*WORK REQUEST*.
For the entries below, copy exactly the line that contains "4971 S Jonathan" through the line that contains "Veicoli da campeggio: 12V", both ends included, and exclude all pictures.

*SUPPLIED MATERIAL*.
++++

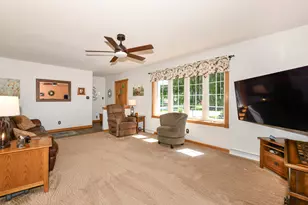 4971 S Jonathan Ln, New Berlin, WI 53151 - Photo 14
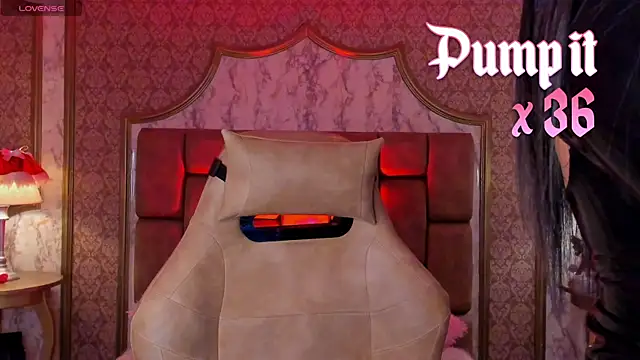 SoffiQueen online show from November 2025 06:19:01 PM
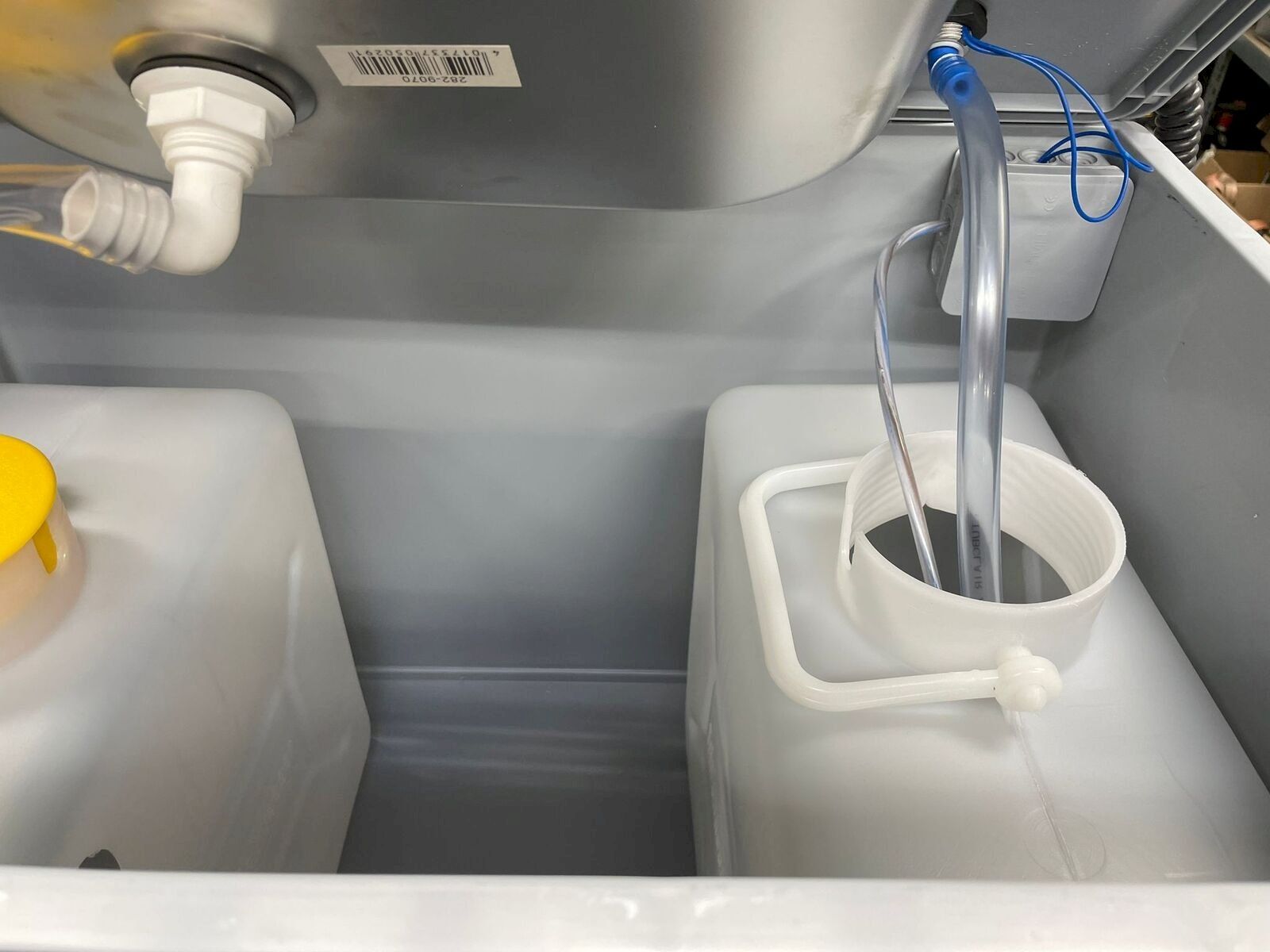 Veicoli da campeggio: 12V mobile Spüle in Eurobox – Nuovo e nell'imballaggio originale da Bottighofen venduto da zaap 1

++++

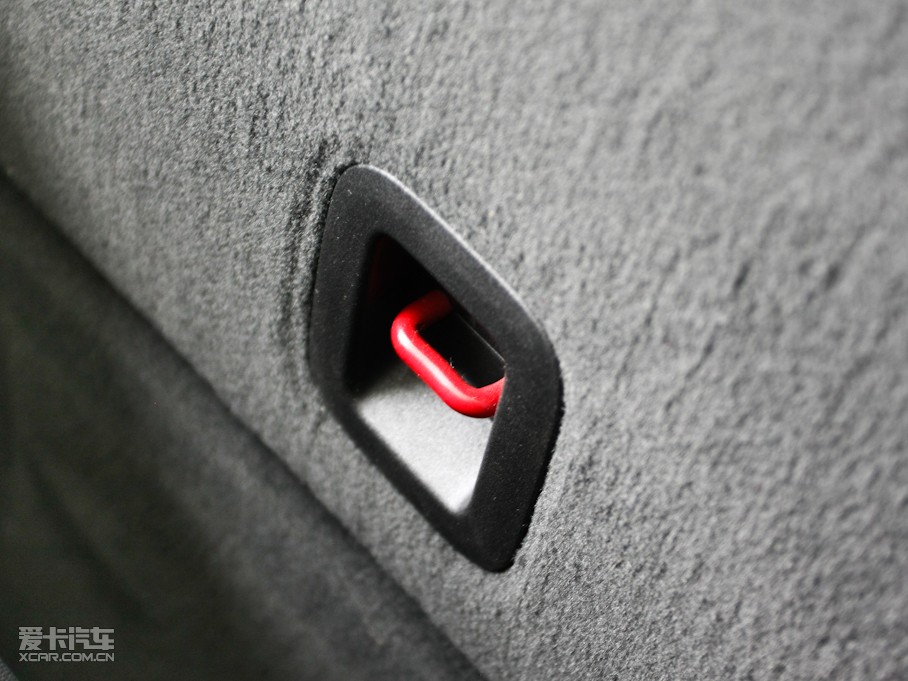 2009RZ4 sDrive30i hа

++++

*EXERCISE OUTPUT*.
 4971 S Jonathan Ln, New Berlin, WI 53151 - Photo 14
 SoffiQueen online show from November 2025 06:19:01 PM
 Veicoli da campeggio: 12V mobile Spüle in Eurobox – Nuovo e nell'imballaggio originale da Bottighofen venduto da zaap 1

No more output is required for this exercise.